Discussion (13 Comments)

  1. Hoobloodyray for common sense. And I’ll add my voice further in a post that by coincidence I was just preparing.

  2. andrew says:

    “If Brian Storm had been running any of the major photography agencies do you think they’d be in the financial mess they are in now?”

    Yes, probably, given both the state of the world economy and the fact that Storm held a key position at Corbis at the time they went into serious decline relative to their equally odious competitor Getty.

  3. Catherine says:

    Yes – the two posts make a good pair and reinforce each other.

  4. I agree with Maggie. It’s silly and selfish to think that all content should be free, that no investment, no participation of any kind should be expected from the viewer.

    Each individual can decide for themselves whether they will pay to view her and Phillip Toledano’s movies; viewers’ rights are not being infringed on at all. How about respecting these artists’, and all artists’, rights to charge for their work?

    And though I do not think the quality of the work as any bearing on whether it’s okay to charge for it, I did see both of these films when they were screened at Galapagos on Monday and was incredibly moved by their honesty and, yes, quality as genuine works of art. The next morning, I referred several people to MediaStorm’s site so that they too could experience these movies. It’s amazing how much 2 bucks can get you these days.

    Kristina Feliciano

  5. Jim Powers says:

    It’s not about the absolute value of these stories. They are absolutely worth $1.99 each. No question. The obstacle Mediastorm is facing is abundance. There is so much free content on the web that, encountering a pay wall, must folks simply click on and find something free to look at. Unless they have some compelling personal reason to want to see these stories, paying for them, even as little as $1.99, is too much trouble.

    I’m watching Mediastorm carefully on this one. We are all struggling to find a way to pay for what we do. I hope Mediastorm will reveal how successful (or unsuccessful) this “pay per story” concept actually is.

    • duckrabbit says:


      you make a great point.

      More people paying less = same revenue, but more people reached. It could mean same people watch and less revenue, that’s where this is a test, but I don’t expect MediaStorm to release the numbers unless this is a success.

      I’m sure MediaStorm will have thought about this and will tweak the model if needs be.

      Thanks again


  6. Allen says:

    1.99 to see the film……
    I can’t even park my car at a theater for that little!

    Paywalls are here to stay, the only way to survive.
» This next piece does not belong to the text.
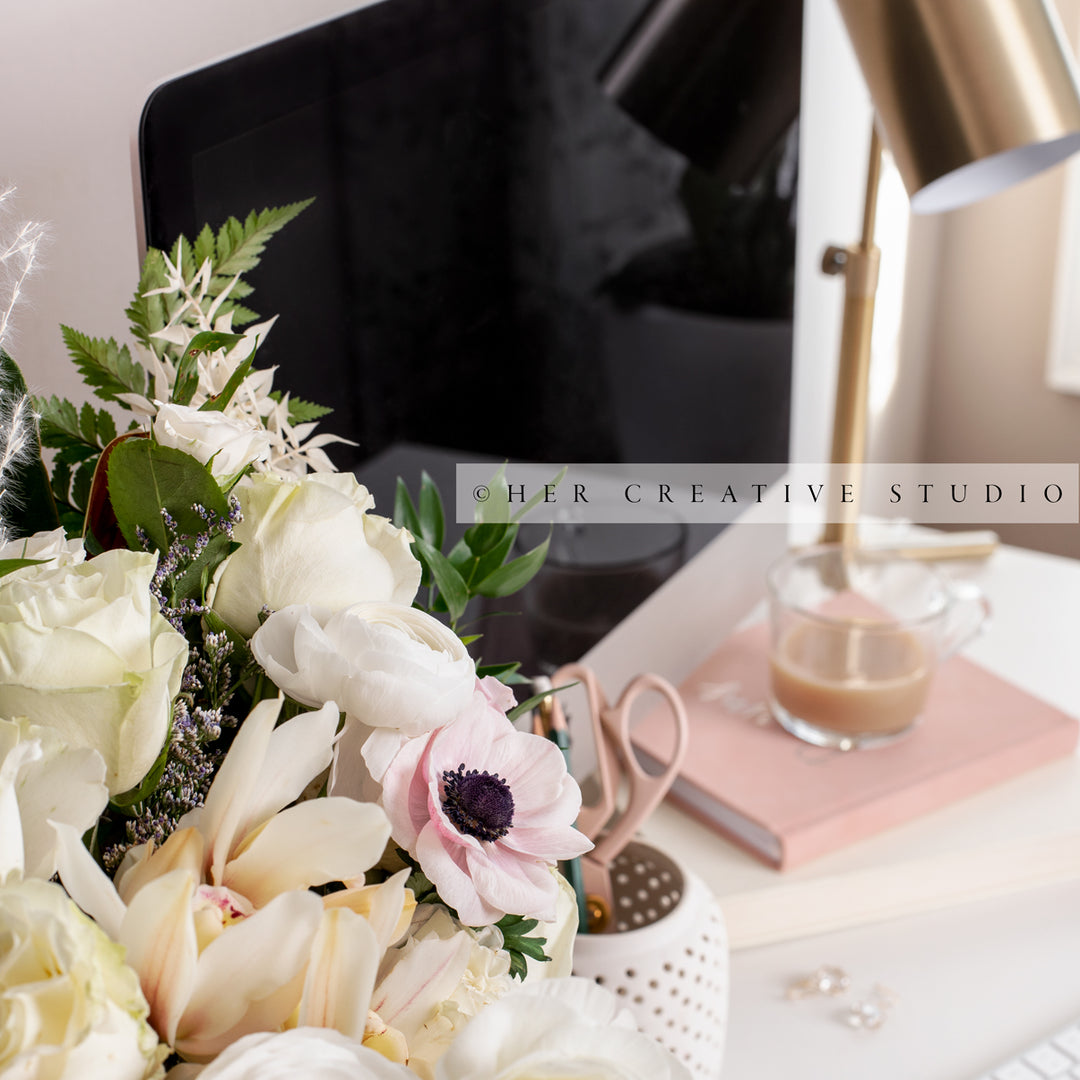 Flowers & Gold Lamp on Workspace, Styled Stock Image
The sooner everyone takes the step the faster the industry can get back on stable footing!

    What is wrong with a society that would rather have glutinous amounts of free work, most of which is junk, than pay a small fee for good work.
    It speak volumes to overall state of our society.

  7. Julian Fowler says:

    I wish the best to MediaStorm in this new venture. I wholeheartedly agree with Maggie Steber. When you think of all the work that went into her story, all the experience and skill she brought to bear after a lifetime in photography, then less than $2 has got to be the best value out there.
    Good luck to you all! julian

  8. Ask your self how much your phone company charges you pr SMS – multiply that with the number of messages you send every day, get the total. If it approximates 1.99 $ then shut up!